Built-In Tests Built into the core code is "PageUpTest," which will tell you if an internal page isn't returning a 200 status code, and "BrokenOutgoingLinkTest," which will tell you if a page contains broken outgoing links.
Article Content Test These tests provide tools for ensuring that articles are optimized for Reader View, no misspellings or placeholder text is found, and estimating article read time.
- Create a free Heroku account
- Install the Heroku CLI
When configuring the fields, be sure to take note of the App Name, as you will be using this in the next steps.

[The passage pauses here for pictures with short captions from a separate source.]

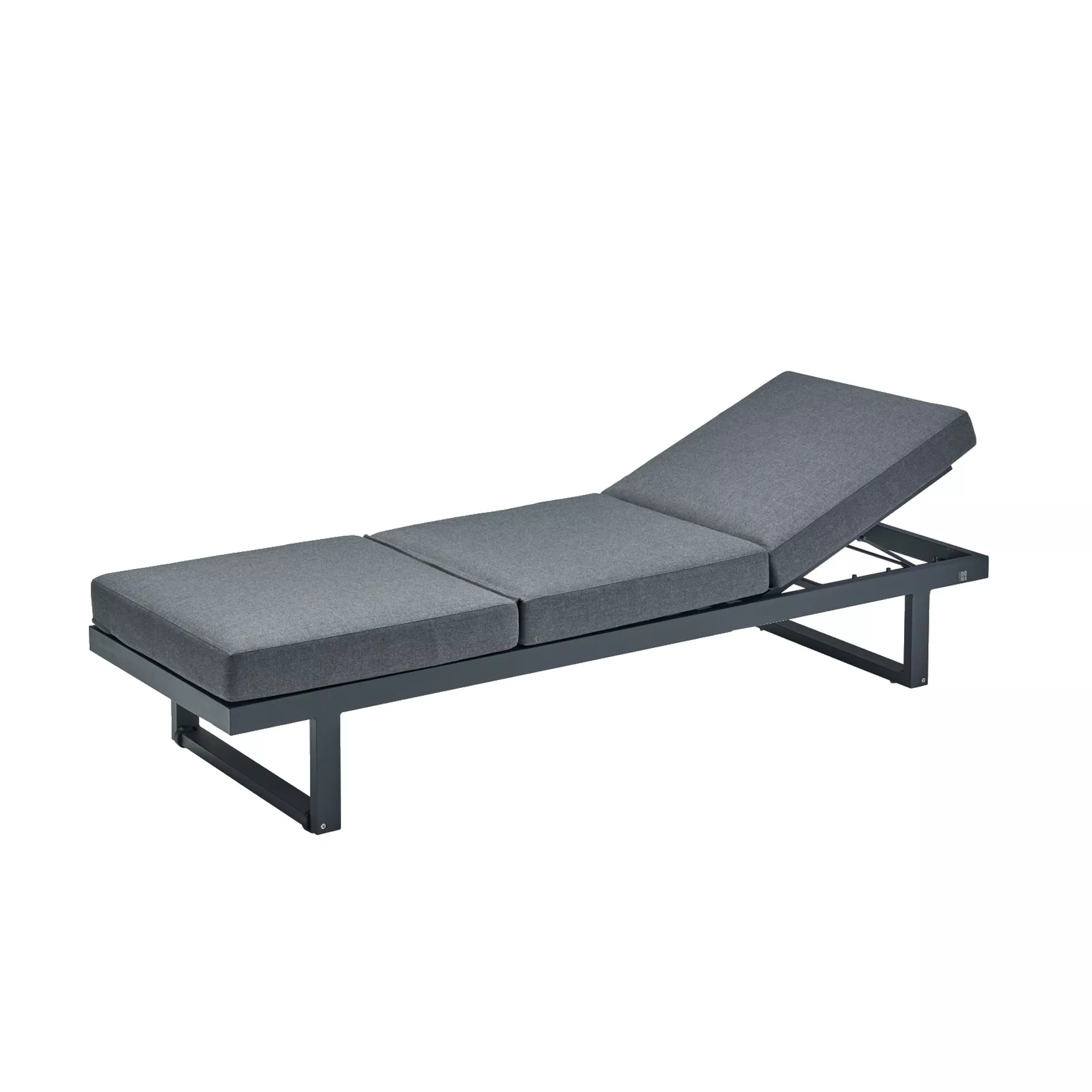 CASA DOMA Aragona Lounge-Seitenteil 3-Sitzer, Alu/Rope – Bild 5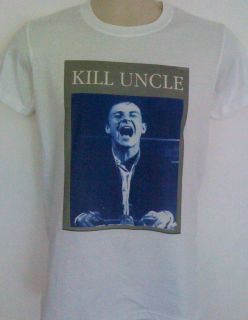 Morrissey tour t shirt kill uncle harvey keitel the smiths johnny marr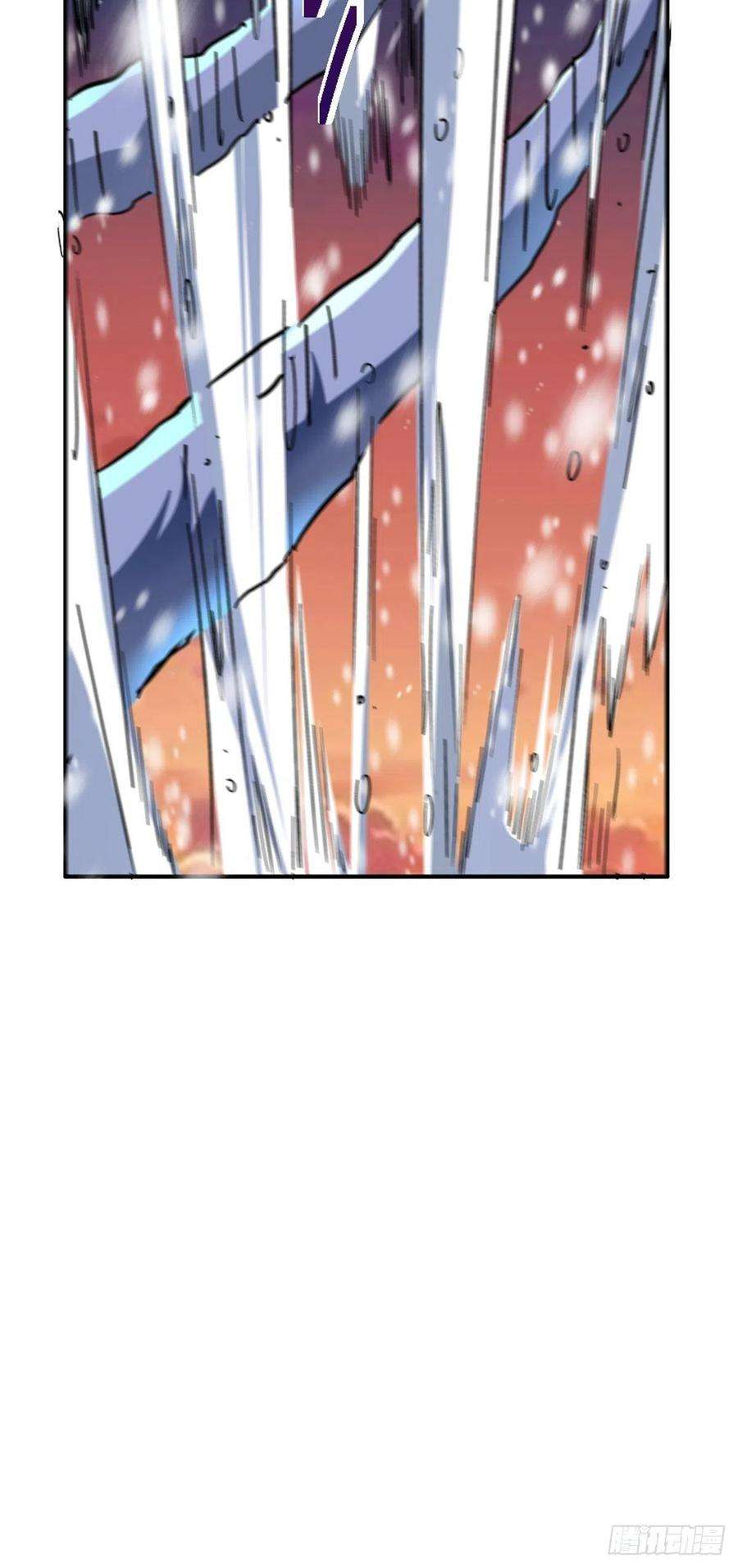 北方列车X4757.冰雪暴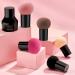 Shop Pink Mushroom Makeup Brush & Foundation Sponge - Perfect for Liquid & Powder Application | International Shipping - Buy Online on GoSupps.com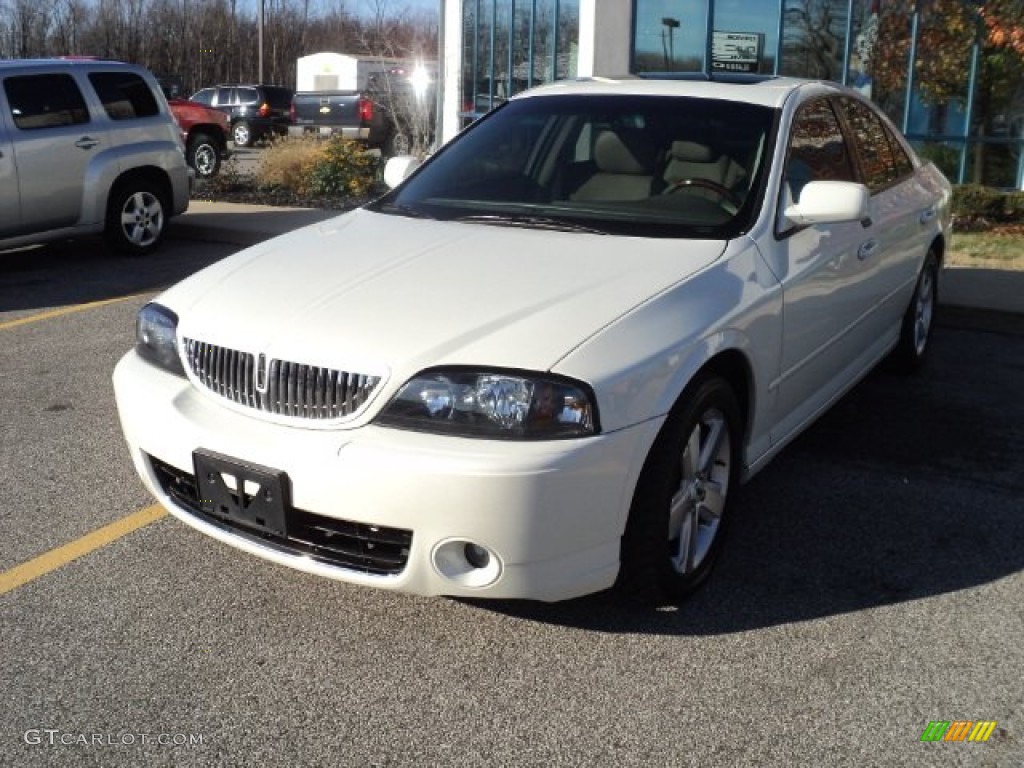 2006 LS V8 - Ceramic White Pearlescent Tri-Coat / Beige photo #1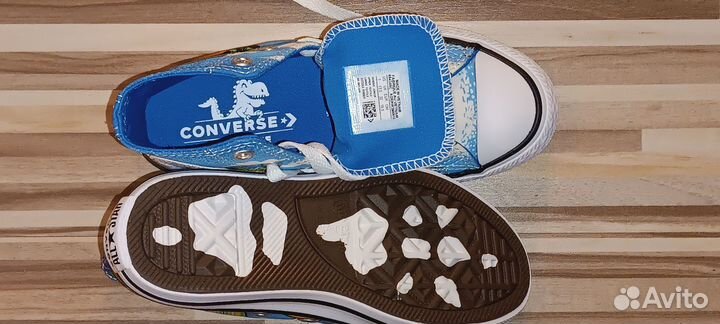 Кеды converse детские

Once deployed, you can configure the crawling settings by going here: https://.herokuapp.com/admin/
The default admin username is 'admin' and the default admin password is 'sitecomber'. MAKE SURE to update the password by going here: https://.herokuapp.com/admin/auth/user/1/password/
Note that if you are parsing a large site, you will probably need to upgrade your database instance in the Heroku admin panel. The free database allows for up to 10000 rows. If you would like to stay on the free database but only crawl a subset of the URLs, you can adjust either the "Max page results" setting in the site configuration, which will cap the total number of pages crawled; or you can ignore entire directories using pattern matching in the "Ignore Results" section of the site configuration.
After your application has deployed and you have made any configuration settings, run the following commands through the command line Heroku CLI and follow the prompts:
> heroku ps:scale web=1 worker=1 --app=<replace-with-app-name>
NOTE: There is currently a memory leak in the worker, so instead of using the worker, set the Heroku Scheduler to run the following CRON every 10 minutes:
python manage.py crawl_site -1 100
- Python 3
- PIP
- Virtualenv
- Postgres (To use a different database backend, you can comment 'psycopg2' out in the requirements.txt)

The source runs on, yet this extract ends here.